Correction of an error of law [committed by a trial judge in ruling on a post-verdict motion which has the effect of vacating a jury finding of guilt] . . . would not grant the prosecutor a new trial or subject the defendant to the harassment traditionally associated with multiple prosecutions. We therefore conclude that when a judge rules in favor of the defendant after a verdict of guilty has been entered by the trier of fact, the Government may appeal from that ruling without running afoul of the Double Jeopardy Clause. [Id. at 352-53, 95 S.Ct. at 1026.]

See also United States v. Martin Linen Supply Co., supra 430 U.S., at 570, 97 S.Ct., at 1354.

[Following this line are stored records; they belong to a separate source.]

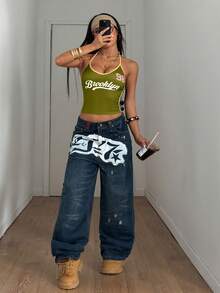 StreetHx 女士橄榄绿露背短款上衣，撞色包边，Brooklyn & 98 图案印花，修身无袖，Y2K E-Girl 夏季休闲度假街头风上衣 - 軍綠色 - 查看 3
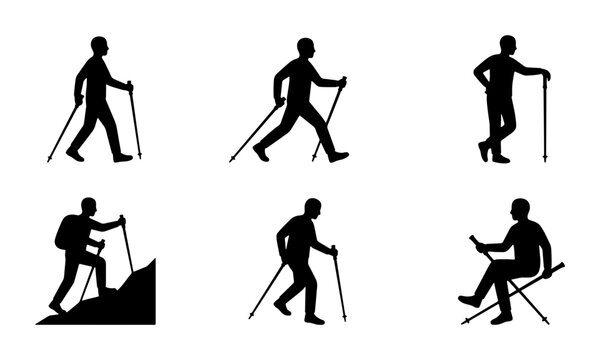 Trekking pole silhouettes set with figures walking, climbing and resting for travel and sport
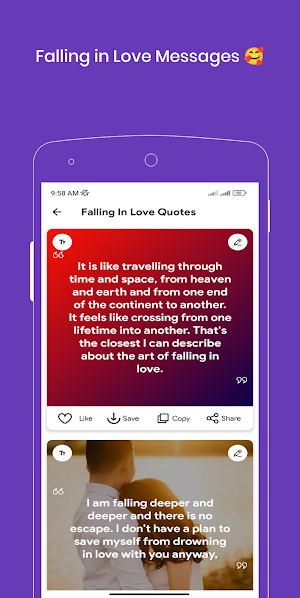 Love Messages - Romantic SMS Screenshot 2
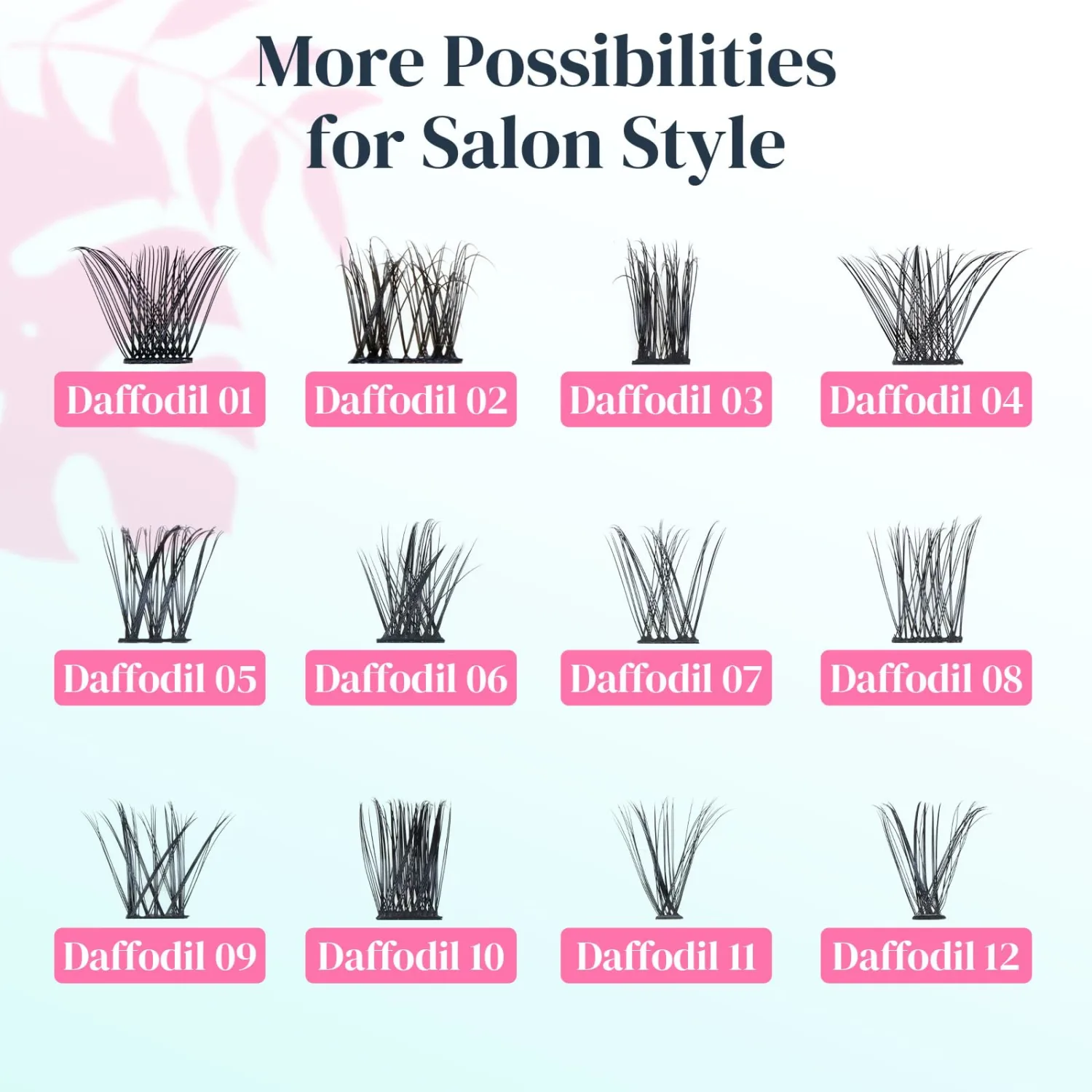 Lash Clusters, Fluffy Lash Clusters 8-16mm D Curl DIY Eyelash Extension Cluster Lashes Wispy Lash Clusters Super Thin Band & Soft Lashes Waterproof Lash Clusters (Daffodil 12)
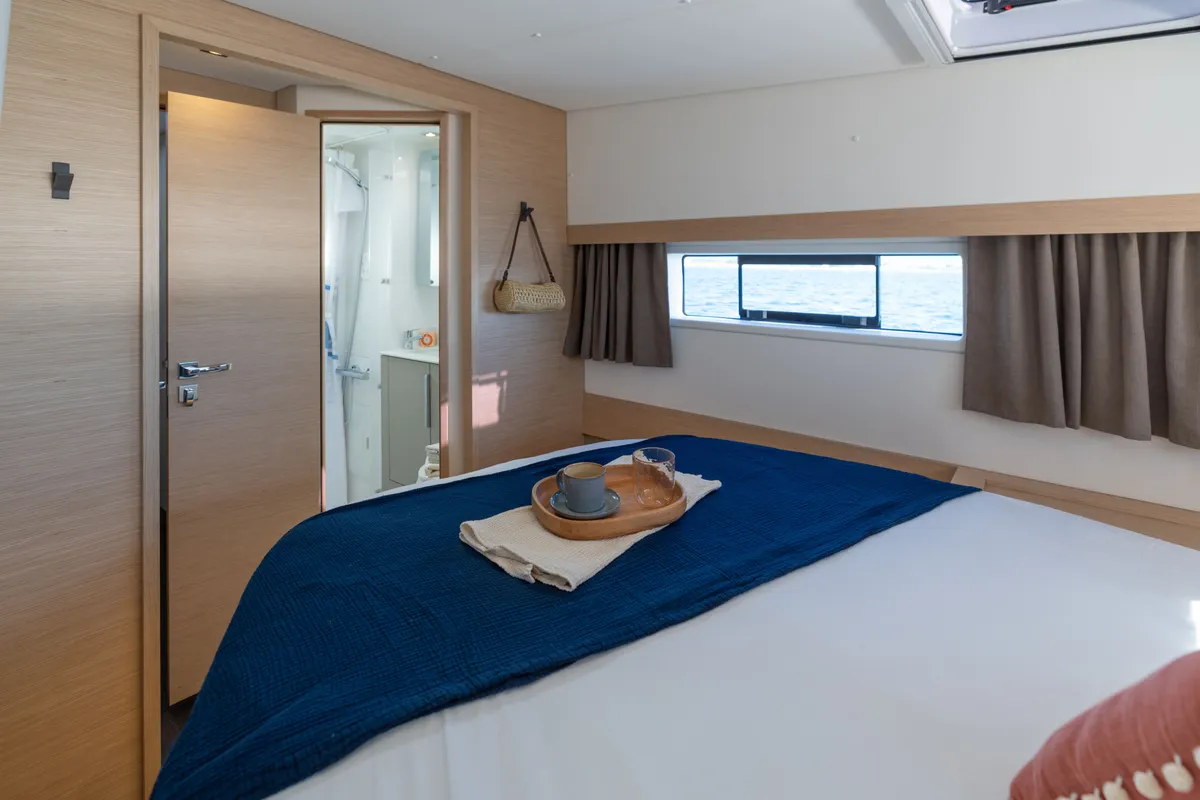 Cabin on Premium +, a Fountaine Pajot New 44 catamaran at Portimão, Portugal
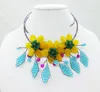 Choker Classic Charm Semi-Precious Stones Weaving Flower Necklace19 "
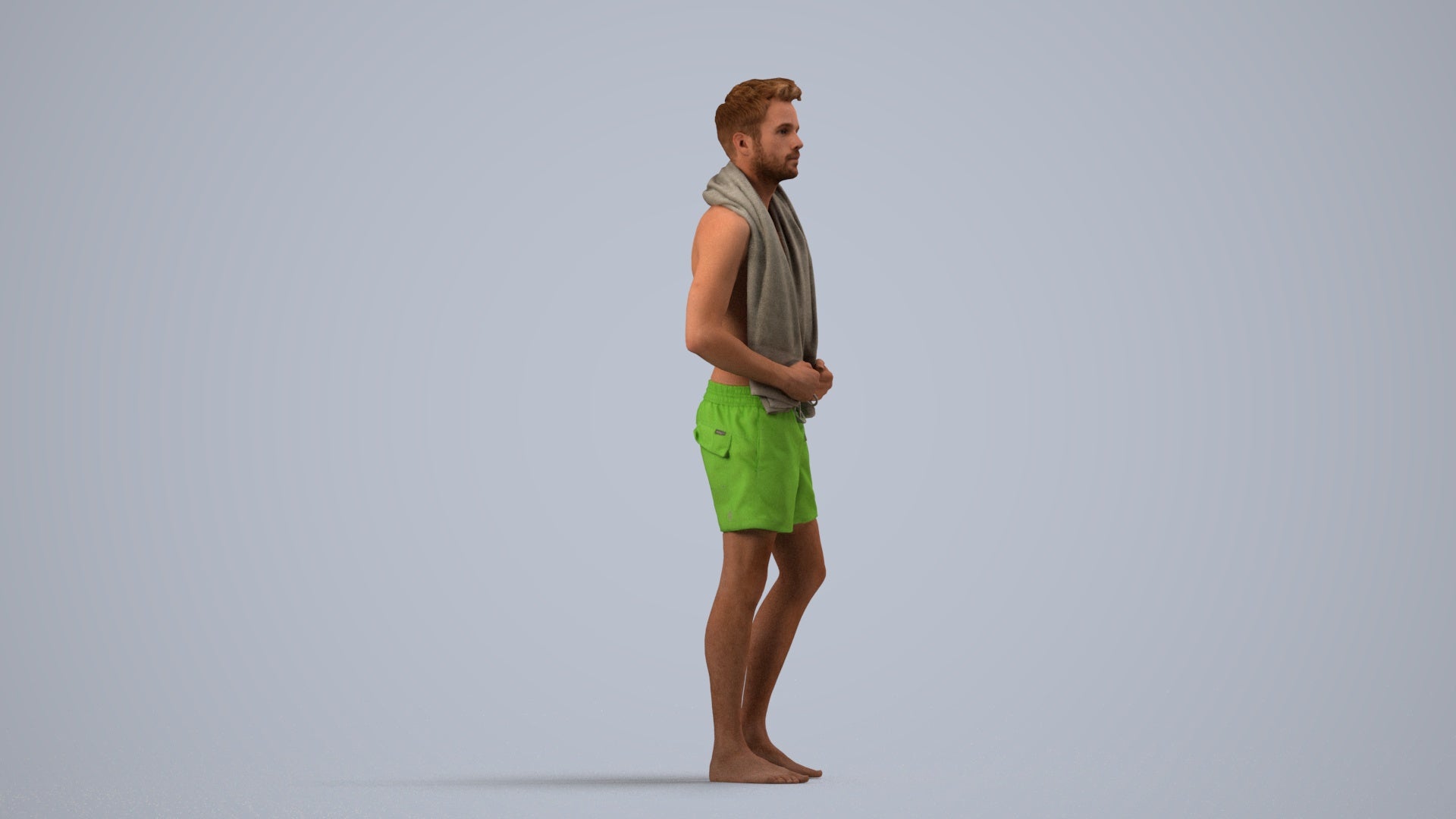 realistic 3D man sport pool, scanned archviz people for Blender and 3ds Max, side view render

Thus, we conclude that the double jeopardy clause neither prevents the government from appealing the court's ruling on appellee's post-verdict motion for judgment of acquittal nor precludes this court from reviewing that ruling since by so doing appellee would not be subjected to a second prosecution for the same offense. For even if we conclude that as a matter of law the court erred in granting appellee's motion, at most we would only instruct the court to reinstate the jury verdict of guilty. As previously stated, the reinstatement of a jury finding of guilt under these circumstances does not violate the Fifth Amendment.

III

On the merits, the government contends that in vacating the verdict of the triers of fact, the court, as a matter of law, committed reversible error when it ruled that the evidence was insufficient to establish appellee's guilt beyond a reasonable doubt. With respect to the standard of review in evaluating the action taken by the trial court in ruling on the sufficiency of the evidence, the law in this jurisdiction is well-settled. Where the evidence presented at trial is such that a reasonable person could find guilt beyond a reasonable doubt, a motion for judgment of acquittal should not be granted. Smith v. United States, D.C.App., 389 A.2d 1356, 1358 n. 5, cert. denied sub nom. Washington v. United States, 439 U.S. 1048, 99 S.Ct. 726, 58 L.Ed.2d 707 (1978); Franey v. United States, D.C.App., 382 A.2d 1019, 1022 (1978); accord, Tucker v. United States, D.C.App., 421 A.2d 32, 34 (1980); Morrison v. United States, D.C.App., 417 A.2d 409, 412 (1980); Montgomery v. United States, D.C.App., 384 A.2d 655, 658 (1978); Singletary v. United States, D.C.App., 383 A.2d 1064, 1069 n. 4 (1978). "In considering the motion, the evidence must be viewed in the light most favorable to the government, 'giving full play to the right of the jury to determine credibility, weigh the evidence, and draw justifiable inferences of fact.'" Singletary v. United States, supra at 1069 n. 4 (quoting Anderson v. United States, D.C.App., 364 A.2d 143, 145 (1976)); Morrison v. United States, supra at 412; Franey v. United States, supra at 1022. On appeal, we must also review the evidence...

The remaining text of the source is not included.